§ **Activity**
Give the lines again exactly as they appear, beginning at the one with "Graffiti Gully: The" and ending at the last line of the records.

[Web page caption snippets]

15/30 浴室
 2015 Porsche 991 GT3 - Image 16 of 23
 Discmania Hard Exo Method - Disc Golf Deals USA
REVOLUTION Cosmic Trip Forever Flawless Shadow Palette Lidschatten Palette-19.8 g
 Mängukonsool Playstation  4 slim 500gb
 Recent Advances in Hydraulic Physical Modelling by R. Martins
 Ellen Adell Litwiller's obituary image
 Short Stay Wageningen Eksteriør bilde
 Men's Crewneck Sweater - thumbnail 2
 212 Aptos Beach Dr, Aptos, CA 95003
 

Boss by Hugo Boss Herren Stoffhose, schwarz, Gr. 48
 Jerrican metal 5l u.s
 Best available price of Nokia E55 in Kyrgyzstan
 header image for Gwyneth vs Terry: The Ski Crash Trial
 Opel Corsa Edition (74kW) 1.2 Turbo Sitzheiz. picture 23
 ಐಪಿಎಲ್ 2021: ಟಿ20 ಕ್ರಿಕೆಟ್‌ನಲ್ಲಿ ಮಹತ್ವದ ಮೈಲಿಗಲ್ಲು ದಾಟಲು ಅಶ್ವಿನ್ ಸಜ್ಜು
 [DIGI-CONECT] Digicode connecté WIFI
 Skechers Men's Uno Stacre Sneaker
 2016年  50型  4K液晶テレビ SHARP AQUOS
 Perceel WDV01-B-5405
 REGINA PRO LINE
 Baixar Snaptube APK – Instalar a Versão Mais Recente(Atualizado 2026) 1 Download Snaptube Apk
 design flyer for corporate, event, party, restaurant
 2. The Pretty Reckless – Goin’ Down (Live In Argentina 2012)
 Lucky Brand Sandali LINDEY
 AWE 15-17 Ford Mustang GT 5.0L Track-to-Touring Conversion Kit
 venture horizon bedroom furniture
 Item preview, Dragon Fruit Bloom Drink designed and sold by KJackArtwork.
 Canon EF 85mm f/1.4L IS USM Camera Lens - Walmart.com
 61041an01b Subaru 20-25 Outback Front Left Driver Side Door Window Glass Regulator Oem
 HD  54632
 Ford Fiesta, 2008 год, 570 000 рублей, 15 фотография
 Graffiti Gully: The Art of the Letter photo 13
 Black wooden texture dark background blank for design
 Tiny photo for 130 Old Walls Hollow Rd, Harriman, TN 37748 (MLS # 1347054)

§ **Result of this task**
 Graffiti Gully: The Art of the Letter photo 13
 Black wooden texture dark background blank for design
 Tiny photo for 130 Old Walls Hollow Rd, Harriman, TN 37748 (MLS # 1347054)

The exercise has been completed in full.